Let’s be real: December is not the best month for most people to focus on weight loss. Focus instead on weight maintenance and you’ll enjoy the festive season without the guilt. Try these three easy strategies:
Downsize your plate
Research shows the larger the plate, the more food dished up — and the more food eaten.
Fill half your plate with salad first
Fill up on low-kilojoule foods to reduce the amount you eat at the buffet.
Use tall, skinny glasses
A US study found that people pour 20–30 per cent more alcohol into wide, short tumblers than tall, slender glasses that hold the same volume.
How to survive the silly season
Try these five strategies to sail through the festive period with more energy ...
Drinking enough water can make a big difference to how you feel. Aim for about eight glasses a day.
Get enough sleep
Poor-quality sleep is one of the main reasons people feel low in energy. Avoid caffeine, alcohol and screens before you hit the sack, and allow time to relax and unwind.

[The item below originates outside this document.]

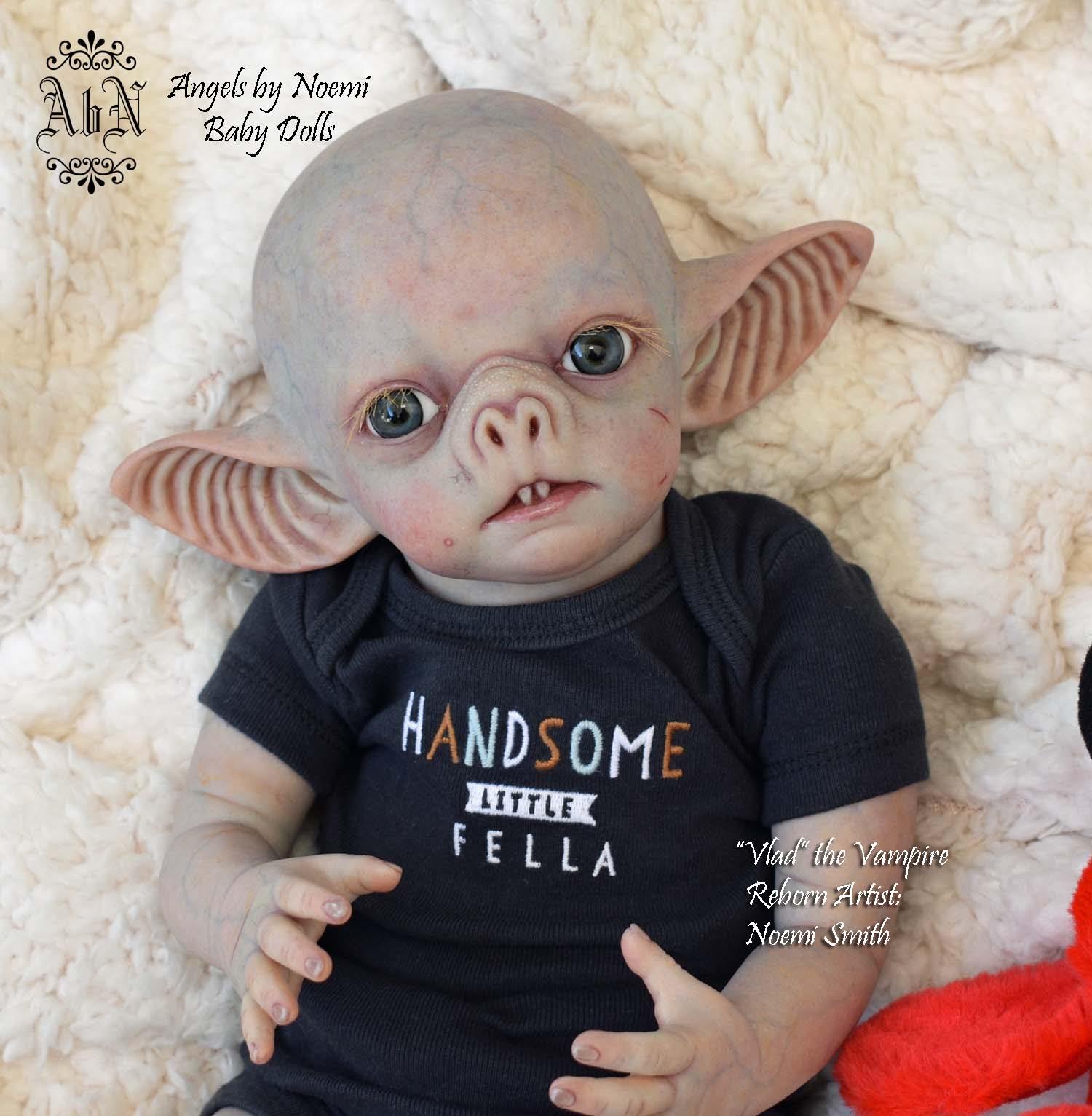 vampire reborn baby dolls for sale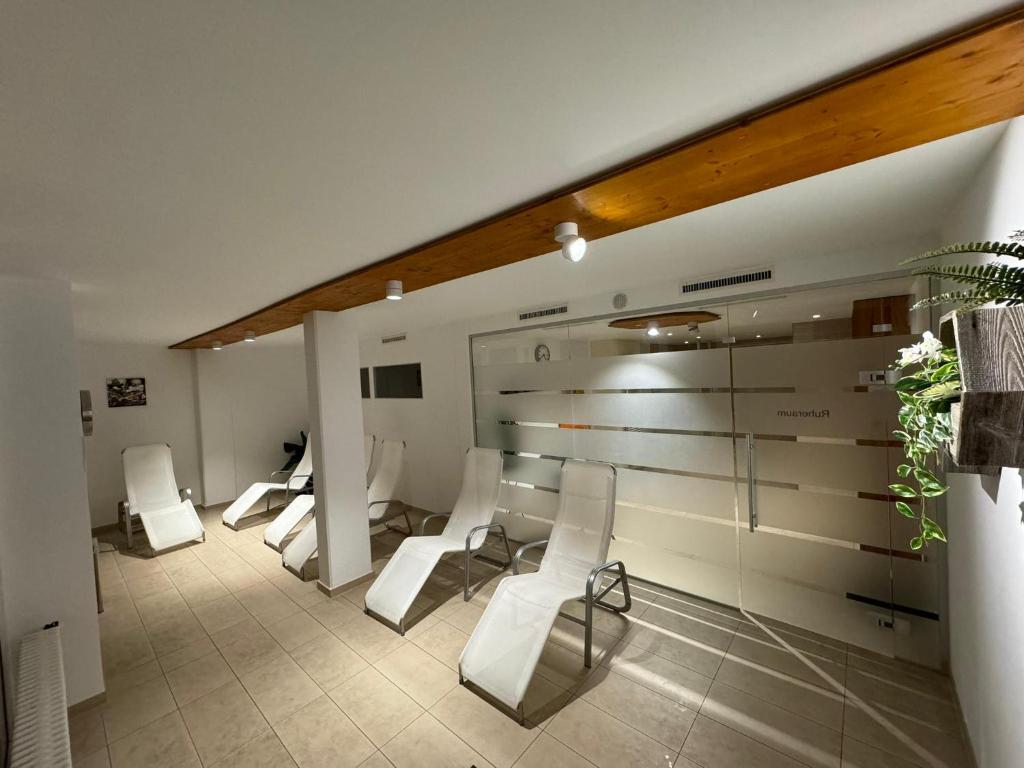 Posezení v ubytování Herzerl Apartment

It’s easy to reach for leftover chocolate, but it’ll leave you with a sugar crash. Go for nuts, high-fibre muesli bars, vegie sticks, yoghurt and cheese on wholegrain crackers.
Research shows exercise can improve mood and relieve stress. Do it in the morning, before you can make excuses.
Alcohol has a depressant effect on the brain — so if you’re prone to the blues, Christmas (with its stressors) isn’t the time to attempt to self-medicate with booze.